Right around the corner from Pickle is the Food Warren, run by brother and sister team Rob and Claire Warren. It’s beautifully simple concept – breakfast until 11am, then a meat dish, a veggie dish and a soup option each lunchtime.
The week’s menu is available online and on flyers. Their story shows that this needn’t be a short-term stepping stone, as Rob says: “The idea came when we were both working in London. Claire worked in product development for watches and I was an architectural assistant. We were both fed up with our jobs and both enjoyed cooking so decided to pack it in and set up some sort of street food stall in Bristol, where we were brought up. We chose the location based on the amount of offices around. It took a while to get council approval, so in March 2011 we started trying to sell out the back of a van to local business parks, Apprentice-style! In mid-April 2011 we got our spot and have been building up our customer base since.”
An upside for the street food punter is the chance to influence menus. Warren says: “We’ve had a few useful suggestions from customers which we have followed up especially noting dietary information like vegan and gluten-free. But I think people like us for the variety.”
Location is everything here, he adds: “We wouldn’t consider moving. The area’s empty offices are gradually filling up and there seem to be lots of new creative start-ups around Temple Meads. I don't think we will ever progress to a cafe, we like the size we are - we can give a very personal service and are involved in every aspect of the business.”
Councils are keen on street food as it’s a big part of that “animating the city,” thing they love, making places “buoyant” and "vibrant”.
The hungry punter is a winner – especially those in foodie hotspots. Bristol’s street food collective Bristol Eats won the ‘Best Street Food Collective’ at the British Street Food Awards in September.
Bridget Pilkington, who also runs the Vee Double-Moo ice cream opeation, is the market manager. She says: “It’s great to win the award from other cities like Manchester, Birmingham and Glasgow. I think Bristol’s second only to London in street food, although there’s probably still only 20 or so traders in the Bristol area doing it full-time.”
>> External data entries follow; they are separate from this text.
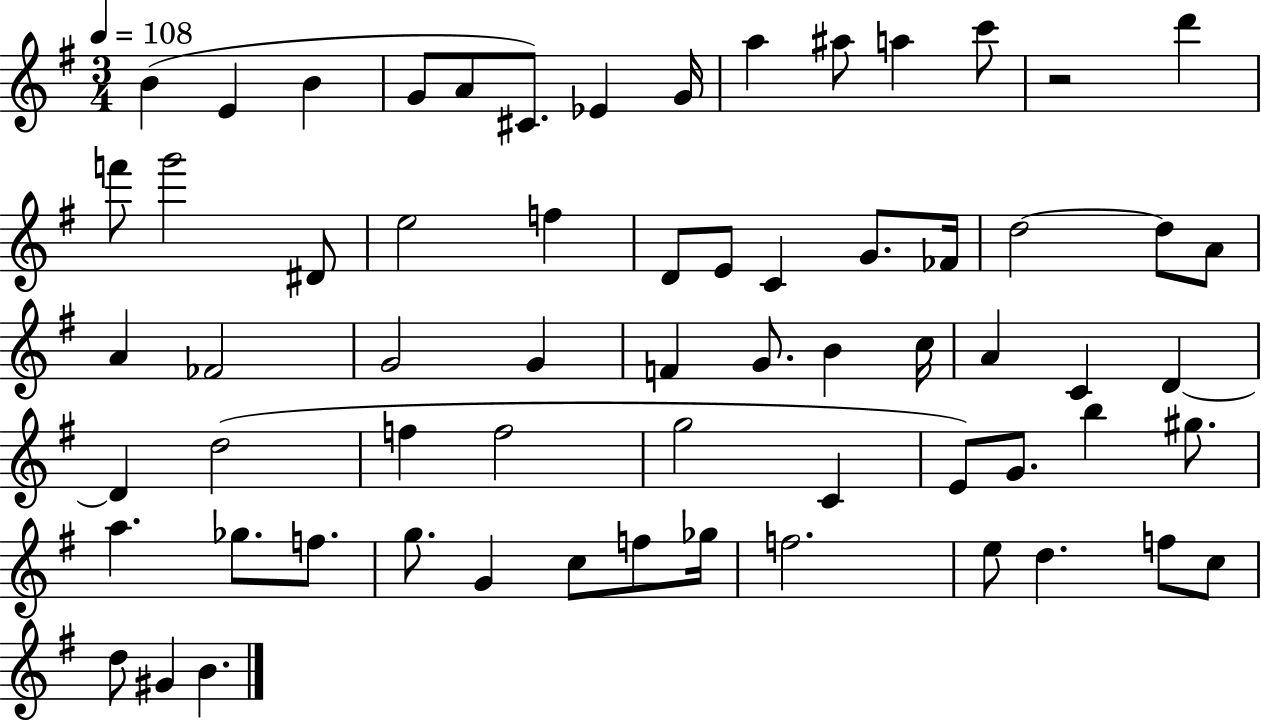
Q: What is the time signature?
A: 3/4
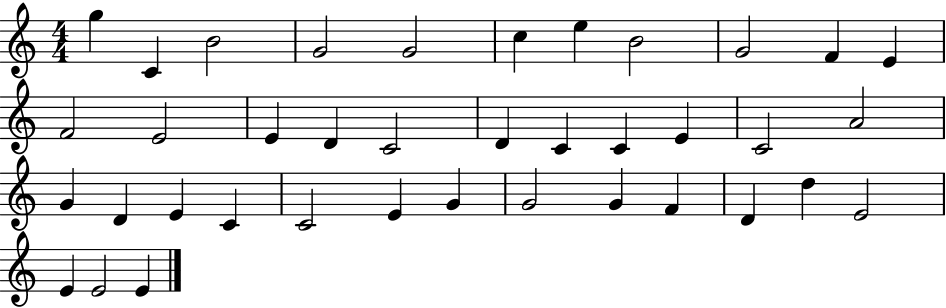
G5/q C4/q B4/h G4/h G4/h C5/q E5/q B4/h G4/h F4/q E4/q F4/h E4/h E4/q D4/q C4/h D4/q C4/q C4/q E4/q C4/h A4/h G4/q D4/q E4/q C4/q C4/h E4/q G4/q G4/h G4/q F4/q D4/q D5/q E4/h E4/q E4/h E4/q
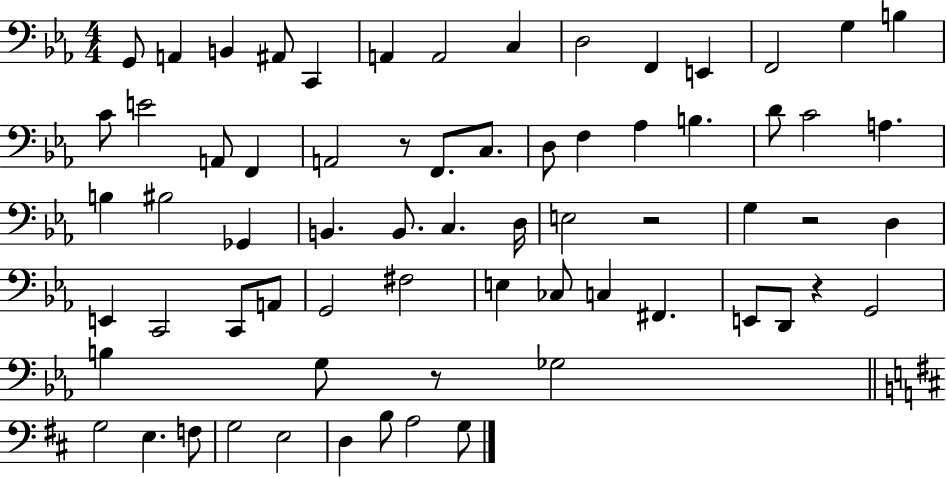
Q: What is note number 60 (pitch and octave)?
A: D3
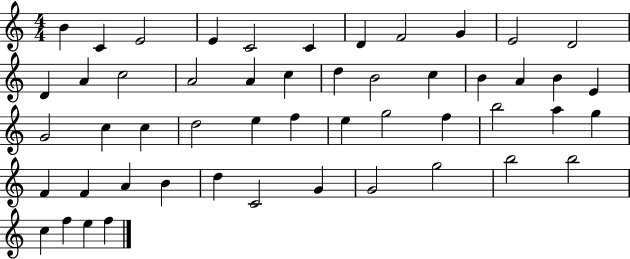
X:1
T:Untitled
M:4/4
L:1/4
K:C
B C E2 E C2 C D F2 G E2 D2 D A c2 A2 A c d B2 c B A B E G2 c c d2 e f e g2 f b2 a g F F A B d C2 G G2 g2 b2 b2 c f e f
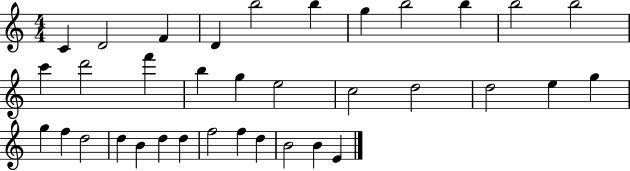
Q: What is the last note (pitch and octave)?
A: E4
There are markets twice a month, and regular events such as “kitchen takeovers” at pubs such as the hip Crofters Rights.
Pilkington offers the view that life outside suits many just fine. “Most of our traders like being out and about and doing different things, they don’t aspire to working in a restaurant. That said, on the colder days, you do think ’we must be mad’.”
One trader not ruling out further ventures is Dan Beswick, owner of the Bear Grillz burger bar in the Bearpit Market – a wonderfully odd mix of stalls in the sunken meeting point of underpasses amid Bristol’s St James Barton roundabout. He’s a year into life on foodie street.
“I’m pleased with how it’s gone and I’m really proud of the product - but I don’t necessarily want to spend the rest of my life in the middle of a roundabout. I’ve looked at bringing out a range of sauces, we’ve done other catering jobs like the circus at the Creative Common. I’m looking to bring together the city’s burger crews for something. There are all sorts of plans. Bristol’s good for independent traders – people here like to back the underdog.”
For Beswick, there wasn’t a lightbulb moment. “There’d been a lot of chatting over ciders in the pub and I just thought ‘maybe I should actually do it,” he recalls. “You could say it’s a Star & Garter-inspired business plan.”
How do you pull this off in a part of the city that although much tidied up thanks to the sterling work of the Bearpit Improvement Group, is still routinely prefixed as “notorious” in the papers? It’s all about being reasonable, says Beswick. “I didn’t realise when I was setting up, but the spot I’m in used to be where all the drinkers gathered. There were all sorts of threats, but once they realise you can get along they’re fine.” He grins: “There are some real characters, you see some incredible things.”
So how far can this trend go? The worlds of inside and out are already blurred – early in 2013 Ben Warran, operator of the Meat & Bread cart that became an overnight sensation for seekers of piled-high American style sandwiches, called time on his wandering and started renting the Three Tuns pub kitchen. Claire Hetherington, general manager, says: “It’s been great for us and for Ben – it really is as simple as meat and bread, but the preparation is something else, he’s in at 9 every morning. The only problem is that the staff really have to watch our weight, it’s dangerous having him here!”